While the bills may evolve and change as they move through the legislative process, both deserve widespread support by legislators across geographies and political parties.
One bill, HF 210, calls for appropriating $409 million over five years to make two-lane sections of the road into four-lane sections, thereby making the highway a four-lane continuous stretch from Rochester to New Ulm.
The second bill, HF 211, calls for including the Highway 14 projects in the Minnesota Department of Transportation’s 20-year transportation plan.
Rep. Kathy Brynaert, DFL-Mankato, is the lead author of both bills but is joined by many other area representatives of both parties.
The funding bill has specific language appropriating the money from the Trunk Highway Fund, but Brynaert notes that is more of a starting point in a larger discussion about possible new funding mechanisms for what are becoming known as corridors of commerce. It will not likely be appropriated in the traditional way.
But there are positive signs there is growing support for completing this important road project. Both chairs of House and Senate transportation committee wanted a bill that included the cost of the project.

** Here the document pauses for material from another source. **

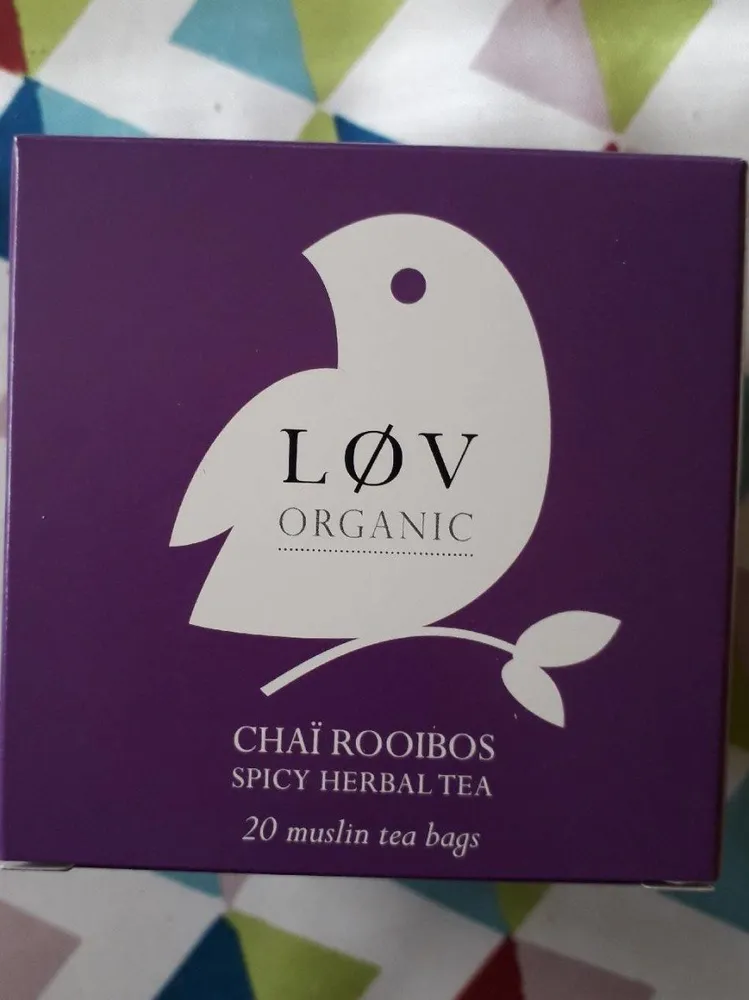 Chai Rooibos Spicy herbal tea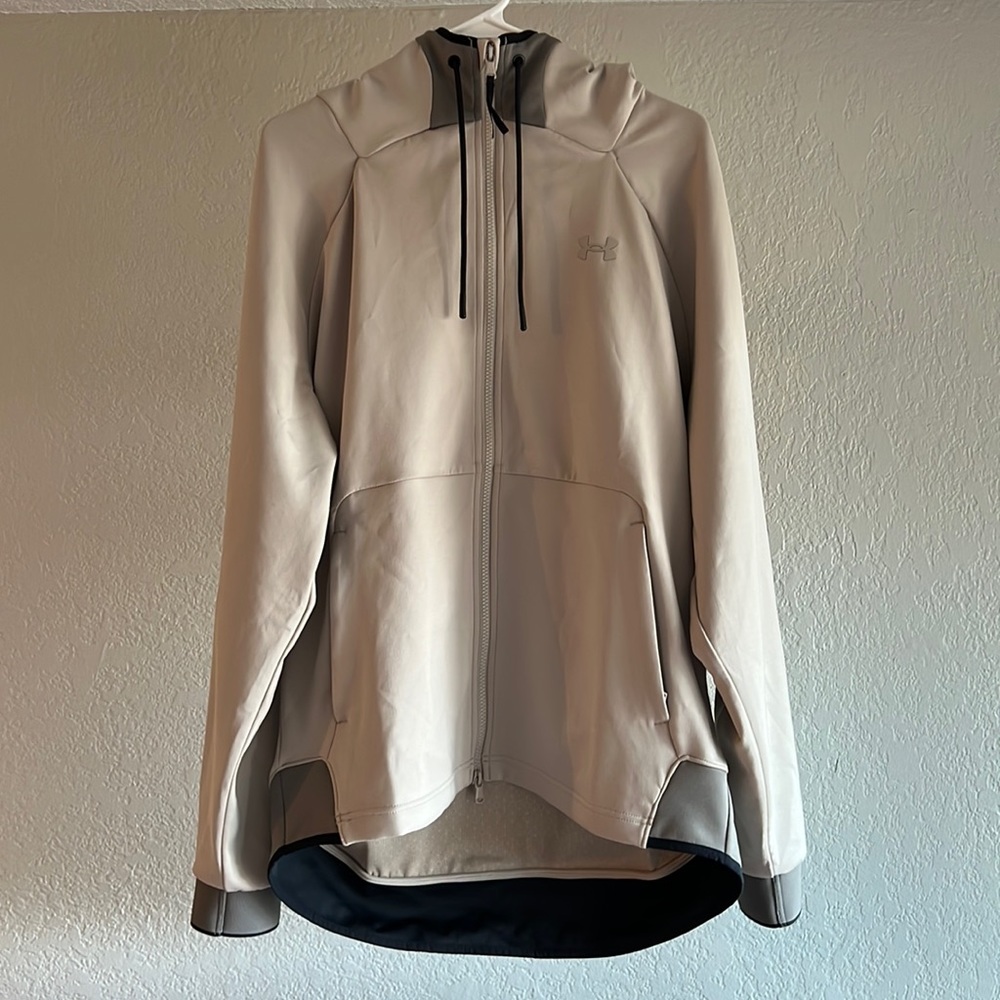 Under Armour Cold Gear Zip Up Hoodie Size XL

Brynaert says Rep. Frank Hornstein, chair of the House Transportation Finance Committee, is working on finding a funding mechanism for the so-called corridors of commerce. He visited with Mankato leaders Friday and proposed a 5-cent per gallon gas tax increase to fund projects such as Highway 14.
The second bill that calls for Highway 14 to be put in MnDOT’s 20-year plan requires it be left in the plan until the project is completed. It also says MnDOT may not delay the project unless it notifies legislative leadership of the committee with jurisdiction over road funding.
Both bills have been heard and discussed in House transportation committees and are moving through the legislative process. Local officials from Owatonna to Mankato have testified in their favor.
Taken together, these two initiatives represent the biggest push yet to complete Highway 14 safety and development projects after decades of fighting for them. For years, cities and counties and residents and businesses have lobbied for an improved and safer Highway 14. With a strong push from all those groups again, and more, there is a real chance this project can happen.
There already has been some success in this regard. Gov. Mark Dayton last year after hearing from residents, legislators and businesses about the dire needs of Highway 14, approved a four-lane expansion from North Mankato to Nicollet.
That was a response in part to a 2010 Free Press series that showed part of Highway 14 had a fatality rate twice the state average and a follow-up independent report by MnDOT that showed parts of it had a fatality rate three times the state average.
Now the timing seems right to push for full funding of completion of the four-lane from Rochester to New Ulm, including unfinished pieces between Owatonna and Dodge Center and Nicollet and New Ulm.
The projects would not only vastly improve safety and save lives but leverage an economic development boom across southern Minnesota.